Some provisions of Article I, Section 2 are no longer in effect - namely, the characterization of enslaved people as "three-fifths" of a person for the purposes of the population count. It does, however, serve as a reminder that the Constitution was originally written by, and for, white men who owned property. In the years that followed, constitutional amendments and interpretations by the Supreme Court have changed these provisions.
"The House of Representatives shall be composed of Members chosen every second Year by the People of the several States, and the Electors in each State shall have the Qualifications requisite for Electors of the most numerous Branch of the State Legislature.

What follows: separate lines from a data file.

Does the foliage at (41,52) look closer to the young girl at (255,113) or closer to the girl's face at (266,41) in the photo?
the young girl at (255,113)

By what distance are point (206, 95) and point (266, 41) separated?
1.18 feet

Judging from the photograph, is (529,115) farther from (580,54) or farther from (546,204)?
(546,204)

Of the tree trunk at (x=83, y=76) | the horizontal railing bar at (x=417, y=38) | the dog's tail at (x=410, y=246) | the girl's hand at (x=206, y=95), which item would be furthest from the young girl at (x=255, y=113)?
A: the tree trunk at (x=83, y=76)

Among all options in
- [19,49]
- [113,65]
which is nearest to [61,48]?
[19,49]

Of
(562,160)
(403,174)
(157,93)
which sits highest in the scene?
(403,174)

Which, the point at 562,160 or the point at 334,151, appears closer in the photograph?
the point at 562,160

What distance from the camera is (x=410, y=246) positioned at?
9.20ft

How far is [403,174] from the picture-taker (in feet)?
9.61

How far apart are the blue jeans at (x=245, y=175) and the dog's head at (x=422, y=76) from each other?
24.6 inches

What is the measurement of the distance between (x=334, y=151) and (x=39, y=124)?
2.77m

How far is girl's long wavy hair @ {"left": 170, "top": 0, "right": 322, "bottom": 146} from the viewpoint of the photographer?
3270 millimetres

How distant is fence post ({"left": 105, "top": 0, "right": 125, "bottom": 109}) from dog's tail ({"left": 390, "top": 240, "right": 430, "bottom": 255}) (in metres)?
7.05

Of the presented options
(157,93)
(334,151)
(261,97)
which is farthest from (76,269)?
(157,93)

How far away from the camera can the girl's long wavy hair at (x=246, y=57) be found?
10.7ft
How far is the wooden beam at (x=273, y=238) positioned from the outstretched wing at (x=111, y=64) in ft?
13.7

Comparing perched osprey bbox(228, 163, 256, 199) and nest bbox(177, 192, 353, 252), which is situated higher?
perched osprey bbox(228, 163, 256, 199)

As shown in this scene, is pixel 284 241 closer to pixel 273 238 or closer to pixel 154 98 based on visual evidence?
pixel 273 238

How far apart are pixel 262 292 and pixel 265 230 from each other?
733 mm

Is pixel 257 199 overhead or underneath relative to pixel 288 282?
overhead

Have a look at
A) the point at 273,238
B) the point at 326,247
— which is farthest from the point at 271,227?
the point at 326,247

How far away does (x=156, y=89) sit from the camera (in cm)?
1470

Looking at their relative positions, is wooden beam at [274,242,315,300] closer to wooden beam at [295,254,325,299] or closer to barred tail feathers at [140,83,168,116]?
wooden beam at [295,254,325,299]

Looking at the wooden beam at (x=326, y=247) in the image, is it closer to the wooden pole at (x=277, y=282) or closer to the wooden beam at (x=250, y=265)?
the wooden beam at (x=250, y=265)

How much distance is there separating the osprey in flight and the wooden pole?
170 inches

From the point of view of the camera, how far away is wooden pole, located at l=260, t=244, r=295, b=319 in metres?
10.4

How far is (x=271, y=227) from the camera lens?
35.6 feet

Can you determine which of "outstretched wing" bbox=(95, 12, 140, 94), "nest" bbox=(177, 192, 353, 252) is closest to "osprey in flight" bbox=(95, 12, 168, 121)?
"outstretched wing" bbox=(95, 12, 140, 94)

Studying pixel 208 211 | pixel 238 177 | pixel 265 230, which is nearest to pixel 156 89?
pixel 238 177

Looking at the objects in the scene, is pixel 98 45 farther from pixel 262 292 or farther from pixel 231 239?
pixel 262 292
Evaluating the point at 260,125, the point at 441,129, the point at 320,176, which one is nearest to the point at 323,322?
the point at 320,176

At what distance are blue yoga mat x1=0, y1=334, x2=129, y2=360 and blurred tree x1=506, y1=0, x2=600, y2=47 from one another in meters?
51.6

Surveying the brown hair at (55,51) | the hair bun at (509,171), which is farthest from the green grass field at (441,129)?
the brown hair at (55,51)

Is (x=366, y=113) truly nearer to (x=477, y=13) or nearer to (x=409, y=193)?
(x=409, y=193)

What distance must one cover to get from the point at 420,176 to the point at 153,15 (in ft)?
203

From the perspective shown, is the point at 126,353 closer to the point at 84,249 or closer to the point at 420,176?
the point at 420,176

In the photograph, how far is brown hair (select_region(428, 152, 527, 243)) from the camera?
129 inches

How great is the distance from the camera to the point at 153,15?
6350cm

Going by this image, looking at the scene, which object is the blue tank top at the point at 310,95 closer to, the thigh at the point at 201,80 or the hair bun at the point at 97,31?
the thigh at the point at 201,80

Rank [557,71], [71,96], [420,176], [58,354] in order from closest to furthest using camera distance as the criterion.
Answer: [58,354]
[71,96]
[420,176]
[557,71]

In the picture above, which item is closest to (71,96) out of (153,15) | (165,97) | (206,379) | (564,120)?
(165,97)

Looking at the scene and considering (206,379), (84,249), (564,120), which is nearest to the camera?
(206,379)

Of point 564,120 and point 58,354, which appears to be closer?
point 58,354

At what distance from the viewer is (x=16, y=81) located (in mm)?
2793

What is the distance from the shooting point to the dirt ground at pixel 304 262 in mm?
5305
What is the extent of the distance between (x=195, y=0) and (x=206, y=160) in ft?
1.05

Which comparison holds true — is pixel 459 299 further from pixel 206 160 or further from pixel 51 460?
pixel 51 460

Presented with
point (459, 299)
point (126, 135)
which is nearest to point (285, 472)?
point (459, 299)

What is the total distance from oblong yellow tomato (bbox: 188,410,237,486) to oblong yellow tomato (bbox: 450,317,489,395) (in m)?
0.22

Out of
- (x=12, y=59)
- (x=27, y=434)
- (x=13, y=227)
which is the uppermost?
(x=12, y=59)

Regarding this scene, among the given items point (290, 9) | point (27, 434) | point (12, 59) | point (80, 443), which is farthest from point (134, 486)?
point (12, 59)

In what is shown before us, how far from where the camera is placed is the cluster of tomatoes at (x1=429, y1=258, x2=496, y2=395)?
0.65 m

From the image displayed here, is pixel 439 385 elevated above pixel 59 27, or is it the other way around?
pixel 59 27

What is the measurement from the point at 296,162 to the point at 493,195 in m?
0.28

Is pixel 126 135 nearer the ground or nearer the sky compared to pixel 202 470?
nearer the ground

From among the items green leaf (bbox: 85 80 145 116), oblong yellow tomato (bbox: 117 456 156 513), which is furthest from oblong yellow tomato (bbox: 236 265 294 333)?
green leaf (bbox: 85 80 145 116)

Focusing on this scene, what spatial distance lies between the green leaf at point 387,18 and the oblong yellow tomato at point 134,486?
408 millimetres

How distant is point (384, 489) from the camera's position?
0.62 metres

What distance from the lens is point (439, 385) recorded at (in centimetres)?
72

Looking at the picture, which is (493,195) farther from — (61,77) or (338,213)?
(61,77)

No Person shall be a Representative who shall not have attained to the age of twenty five Years, and been seven Years a Citizen of the United States, and who shall not, when elected, be an Inhabitant of that State in which he shall be chosen.
Representatives and direct Taxes shall be apportioned among the several States which may be included within this Union, according to their respective Numbers, which shall be determined by adding to the whole Number of free Persons, including those bound to Service for a Term of Years, and excluding Indians not taxed, three fifths of all other Persons. The actual Enumeration shall be made within three Years after the first Meeting of the Congress of the United States, and within every subsequent Term of ten Years, in such Manner as they shall by Law direct. The Number of Representatives shall not exceed one for every thirty Thousand, but each State shall have at Least one Representative; and until such enumeration shall be made, the State of New Hampshire shall be entitled to chuse three, Massachusetts eight, Rhode-Island and Providence Plantations one, Connecticut five, New-York six, New Jersey four, Pennsylvania eight, Delaware one, Maryland six, Virginia ten, North Carolina five, South Carolina five, and Georgia three.

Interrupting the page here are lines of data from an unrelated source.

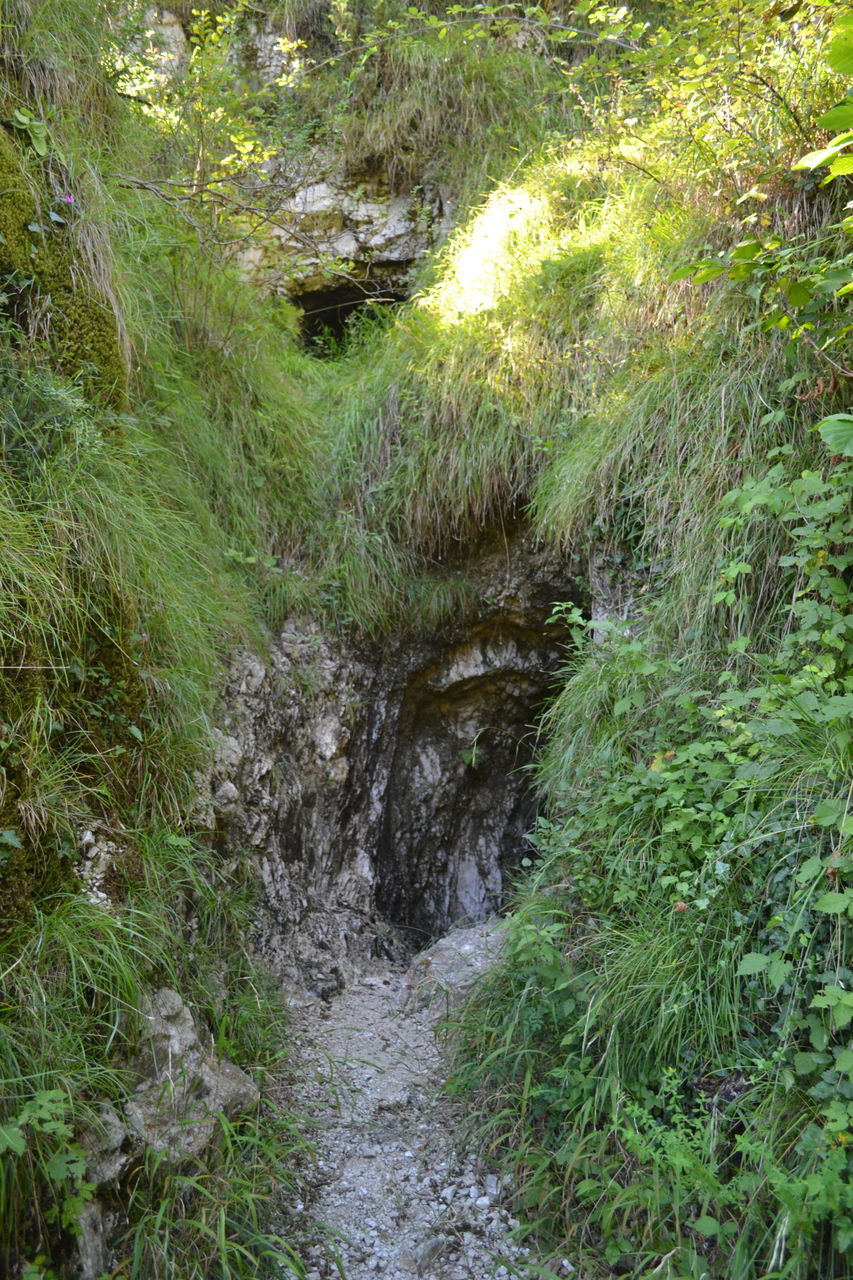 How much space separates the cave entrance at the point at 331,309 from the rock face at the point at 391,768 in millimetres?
2709

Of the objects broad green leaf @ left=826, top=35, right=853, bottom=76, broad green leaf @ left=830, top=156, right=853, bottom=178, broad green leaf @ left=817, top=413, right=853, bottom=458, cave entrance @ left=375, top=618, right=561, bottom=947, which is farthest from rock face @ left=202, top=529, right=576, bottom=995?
broad green leaf @ left=826, top=35, right=853, bottom=76

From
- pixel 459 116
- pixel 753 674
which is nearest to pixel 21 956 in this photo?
pixel 753 674

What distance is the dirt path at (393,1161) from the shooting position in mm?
2475

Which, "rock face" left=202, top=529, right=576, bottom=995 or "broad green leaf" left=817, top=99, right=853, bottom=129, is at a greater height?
"broad green leaf" left=817, top=99, right=853, bottom=129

When vacancies happen in the Representation from any State, the Executive Authority thereof shall issue Writs of Election to fill such Vacancies.

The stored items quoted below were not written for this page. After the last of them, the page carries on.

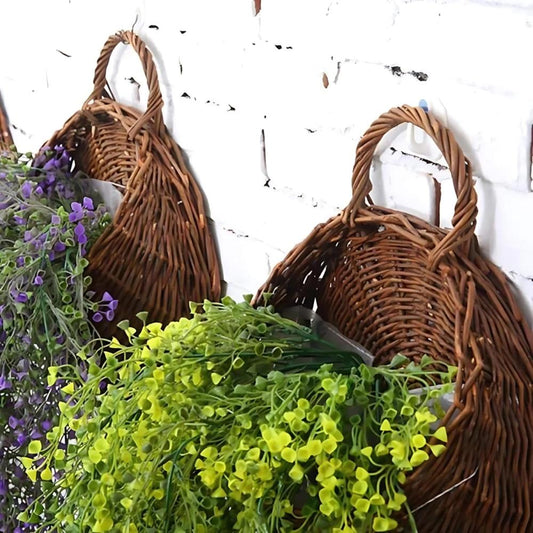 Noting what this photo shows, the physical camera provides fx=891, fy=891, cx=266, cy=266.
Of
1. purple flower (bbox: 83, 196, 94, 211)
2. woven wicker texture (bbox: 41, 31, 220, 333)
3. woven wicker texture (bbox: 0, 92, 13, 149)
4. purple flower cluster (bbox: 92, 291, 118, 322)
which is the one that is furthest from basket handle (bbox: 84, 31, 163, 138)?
woven wicker texture (bbox: 0, 92, 13, 149)

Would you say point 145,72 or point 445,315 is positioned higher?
point 145,72

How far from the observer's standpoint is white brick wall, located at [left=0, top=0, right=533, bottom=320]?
3.05 ft

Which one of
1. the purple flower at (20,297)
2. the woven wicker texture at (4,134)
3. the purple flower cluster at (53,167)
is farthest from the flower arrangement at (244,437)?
the woven wicker texture at (4,134)

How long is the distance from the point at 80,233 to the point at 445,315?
0.59m

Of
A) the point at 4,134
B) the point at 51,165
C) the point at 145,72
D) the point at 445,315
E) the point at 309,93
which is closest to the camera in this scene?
the point at 445,315

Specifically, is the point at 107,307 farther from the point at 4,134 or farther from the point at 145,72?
the point at 4,134

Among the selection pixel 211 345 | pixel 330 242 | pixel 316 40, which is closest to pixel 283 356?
pixel 211 345

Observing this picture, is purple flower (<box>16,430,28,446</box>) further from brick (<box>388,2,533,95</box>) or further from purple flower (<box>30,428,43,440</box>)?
brick (<box>388,2,533,95</box>)

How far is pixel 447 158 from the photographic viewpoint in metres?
0.92

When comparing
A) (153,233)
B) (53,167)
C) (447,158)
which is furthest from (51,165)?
(447,158)

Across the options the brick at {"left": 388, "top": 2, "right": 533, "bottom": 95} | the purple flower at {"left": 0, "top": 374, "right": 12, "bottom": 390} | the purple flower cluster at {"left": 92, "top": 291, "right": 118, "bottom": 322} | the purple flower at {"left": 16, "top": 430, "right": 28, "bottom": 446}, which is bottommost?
the purple flower at {"left": 16, "top": 430, "right": 28, "bottom": 446}

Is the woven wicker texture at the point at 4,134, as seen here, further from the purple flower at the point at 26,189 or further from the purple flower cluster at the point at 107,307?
the purple flower cluster at the point at 107,307

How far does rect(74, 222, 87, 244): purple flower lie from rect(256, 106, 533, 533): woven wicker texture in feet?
1.16

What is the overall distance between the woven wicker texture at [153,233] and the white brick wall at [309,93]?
3 centimetres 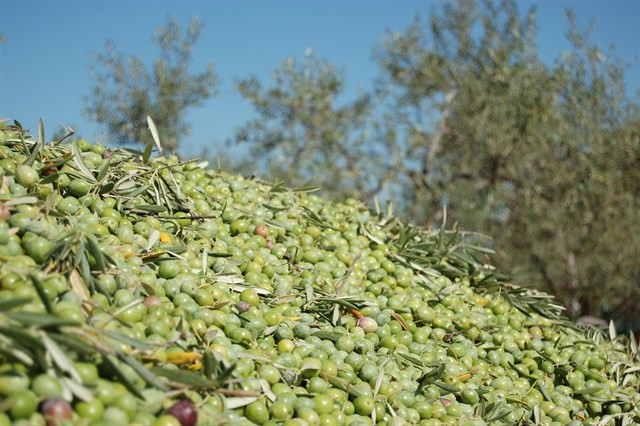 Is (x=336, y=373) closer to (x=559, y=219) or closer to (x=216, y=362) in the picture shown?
(x=216, y=362)

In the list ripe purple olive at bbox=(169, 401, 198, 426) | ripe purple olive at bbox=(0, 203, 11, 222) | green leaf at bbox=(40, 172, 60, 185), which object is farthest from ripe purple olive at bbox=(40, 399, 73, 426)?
green leaf at bbox=(40, 172, 60, 185)

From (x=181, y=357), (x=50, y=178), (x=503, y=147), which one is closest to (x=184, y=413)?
(x=181, y=357)

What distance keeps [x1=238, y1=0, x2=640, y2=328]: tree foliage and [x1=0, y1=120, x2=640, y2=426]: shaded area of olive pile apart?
17.5 feet

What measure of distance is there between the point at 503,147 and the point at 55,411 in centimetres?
905

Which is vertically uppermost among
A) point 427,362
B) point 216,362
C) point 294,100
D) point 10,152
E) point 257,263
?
point 294,100

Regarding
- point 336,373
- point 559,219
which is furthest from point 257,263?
point 559,219

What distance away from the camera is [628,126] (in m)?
8.98

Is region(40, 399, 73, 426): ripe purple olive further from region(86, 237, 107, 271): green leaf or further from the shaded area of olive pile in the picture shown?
region(86, 237, 107, 271): green leaf

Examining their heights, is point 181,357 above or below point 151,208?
below

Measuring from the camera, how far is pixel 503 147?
31.3ft

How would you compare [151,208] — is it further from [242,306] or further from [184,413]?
[184,413]

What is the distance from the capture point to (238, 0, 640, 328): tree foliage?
9.12 metres

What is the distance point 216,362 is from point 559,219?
8.77 meters

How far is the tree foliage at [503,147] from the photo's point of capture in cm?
A: 912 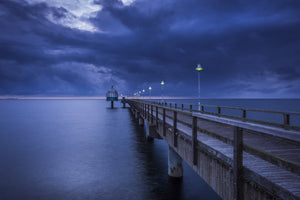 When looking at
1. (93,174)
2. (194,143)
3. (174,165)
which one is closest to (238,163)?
(194,143)

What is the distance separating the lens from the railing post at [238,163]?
146 inches

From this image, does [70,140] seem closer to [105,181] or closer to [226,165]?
[105,181]

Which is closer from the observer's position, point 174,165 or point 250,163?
point 250,163

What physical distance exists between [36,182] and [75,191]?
3528 millimetres

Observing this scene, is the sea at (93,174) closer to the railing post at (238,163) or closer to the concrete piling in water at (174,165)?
the concrete piling in water at (174,165)

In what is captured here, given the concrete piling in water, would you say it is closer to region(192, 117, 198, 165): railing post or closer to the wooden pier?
the wooden pier

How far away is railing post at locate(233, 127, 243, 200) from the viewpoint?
3718mm

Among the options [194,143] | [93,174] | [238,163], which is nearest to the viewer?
[238,163]

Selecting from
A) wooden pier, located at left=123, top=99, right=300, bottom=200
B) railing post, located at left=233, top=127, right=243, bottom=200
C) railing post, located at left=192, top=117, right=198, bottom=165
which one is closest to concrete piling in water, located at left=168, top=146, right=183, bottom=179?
wooden pier, located at left=123, top=99, right=300, bottom=200

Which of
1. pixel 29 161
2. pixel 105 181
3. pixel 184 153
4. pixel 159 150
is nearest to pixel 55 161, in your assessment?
pixel 29 161

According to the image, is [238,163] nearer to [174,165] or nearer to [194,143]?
[194,143]

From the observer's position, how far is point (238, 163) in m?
3.83

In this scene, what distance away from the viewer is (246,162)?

The House of Representatives shall chuse their Speaker and other Officers; and shall have the sole Power of Impeachment."
United States Library of Congress, The Constitution of the United States of America: Analysis and Interpretation
A major innovation in constitutional law in recent years has been the development of a requirement that election districts in each state be structured so that each elected representative represents substantially equal populations. Although this requirement has generally been gleaned from the Equal Protection Clause of the Fourteenth Amendment,1 in Wesberry v. Sanders,2 the Court held that "construed in its historical context, the command of Art. I, § 2, that Representatives be chosen 'by the People of the several States' means that as nearly as is practicable one man's vote in a congressional election is to be worth as much as another's."3
Court involvement in this issue developed slowly. In our early history, state congressional delegations were generally elected at-large instead of by districts, and even when Congress required single-member districting4 and later added a provision for equally populated districts5 the relief sought by voters was action by the House refusing to seat Members-elect selected under systems not in compliance with the federal laws.6
The first series of cases did not reach the Supreme Court, in fact, until the states began redistricting through the 1930 Census, and these were resolved without reaching constitutional issues and indeed without resolving the issue whether such voter complaints were justiciable at all.7 In the late 1940s and the early 1950s, the Court used the political question doctrine to decline to adjudicate districting and apportionment suits, a position changed in Baker v. Carr.8
For the Court in Wesberry,9 Justice Black argued that a reading of the debates of the Constitutional Convention conclusively demonstrated that the Framers had meant, in using the phrase by the People, to guarantee equality of representation in the election of Members of the House of Representatives.10 Justice Harlan in dissent argued that the statements on which the majority relied had uniformly been in the context of the Great Compromise—Senate representation of the states with Members elected by the state legislatures, House representation according to the population of the states, qualified by the guarantee of at least one Member per state and the counting of slaves as three-fifths of persons—and not at all in the context of intrastate districting. Further, he thought the Convention debates clear to the effect that Article I, § 4, had vested exclusive control over state districting practices in Congress, and that the Court action overrode a congressional decision not to require equally populated districts.11
The most important issue, of course, was how strict a standard of equality the Court would adhere to. At first, the Justices seemed inclined to some form of de minimis rule with a requirement that the State present a principled justification for the deviations from equality which any districting plan presented.12 But in Kirkpatrick v. Preisler,13 a sharply divided Court announced the rule that a state must make a good-faith effort to achieve precise mathematical equality.14 Therefore, [u]nless population variances among congressional districts are shown to have resulted despite such [good-faith] effort [to achieve precise mathematical equality], the state must justify each variance, no matter how small.15 The strictness of the test was revealed not only by the phrasing of the test but by the fact that the majority rejected every proffer of a justification which the state had made and which could likely be made.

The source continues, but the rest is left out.